__DATA PROVIDED__:
--------------------

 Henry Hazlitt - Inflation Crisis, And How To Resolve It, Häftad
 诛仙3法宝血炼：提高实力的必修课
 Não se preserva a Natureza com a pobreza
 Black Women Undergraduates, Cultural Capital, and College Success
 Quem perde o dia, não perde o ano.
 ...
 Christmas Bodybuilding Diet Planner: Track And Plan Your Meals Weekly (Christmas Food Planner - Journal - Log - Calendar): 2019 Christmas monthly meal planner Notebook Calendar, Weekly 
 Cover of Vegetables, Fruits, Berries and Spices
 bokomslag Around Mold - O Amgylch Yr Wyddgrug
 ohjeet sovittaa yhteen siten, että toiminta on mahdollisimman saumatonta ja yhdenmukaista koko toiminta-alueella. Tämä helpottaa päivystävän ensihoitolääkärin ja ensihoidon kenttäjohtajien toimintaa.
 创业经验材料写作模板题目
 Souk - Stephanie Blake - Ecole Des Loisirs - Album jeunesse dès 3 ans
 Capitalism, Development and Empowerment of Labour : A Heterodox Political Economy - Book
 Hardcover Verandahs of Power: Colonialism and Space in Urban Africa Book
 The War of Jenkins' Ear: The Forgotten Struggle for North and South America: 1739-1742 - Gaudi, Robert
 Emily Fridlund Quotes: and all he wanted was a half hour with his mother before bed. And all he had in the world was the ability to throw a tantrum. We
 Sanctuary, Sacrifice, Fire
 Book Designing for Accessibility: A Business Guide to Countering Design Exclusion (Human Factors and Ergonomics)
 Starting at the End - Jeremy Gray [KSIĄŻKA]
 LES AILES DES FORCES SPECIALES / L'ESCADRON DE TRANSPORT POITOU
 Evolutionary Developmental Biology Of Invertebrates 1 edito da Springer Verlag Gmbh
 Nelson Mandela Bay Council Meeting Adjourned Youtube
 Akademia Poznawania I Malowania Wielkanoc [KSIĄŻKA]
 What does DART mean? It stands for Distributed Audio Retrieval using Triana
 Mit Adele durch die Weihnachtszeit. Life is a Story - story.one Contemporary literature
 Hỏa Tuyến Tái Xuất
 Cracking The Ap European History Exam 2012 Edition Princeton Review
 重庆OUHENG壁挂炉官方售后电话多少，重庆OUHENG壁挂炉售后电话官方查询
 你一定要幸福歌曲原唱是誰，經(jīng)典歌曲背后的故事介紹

--------------------

__WORK ITEM__:
Copy exactly the lines from the one with "What does DART" down to the last line of the records above, and leave out everything else.

__RESULT OF THIS EXERCISE__:
 What does DART mean? It stands for Distributed Audio Retrieval using Triana
 Mit Adele durch die Weihnachtszeit. Life is a Story - story.one Contemporary literature
 Hỏa Tuyến Tái Xuất
 Cracking The Ap European History Exam 2012 Edition Princeton Review
 重庆OUHENG壁挂炉官方售后电话多少，重庆OUHENG壁挂炉售后电话官方查询
 你一定要幸福歌曲原唱是誰，經(jīng)典歌曲背后的故事介紹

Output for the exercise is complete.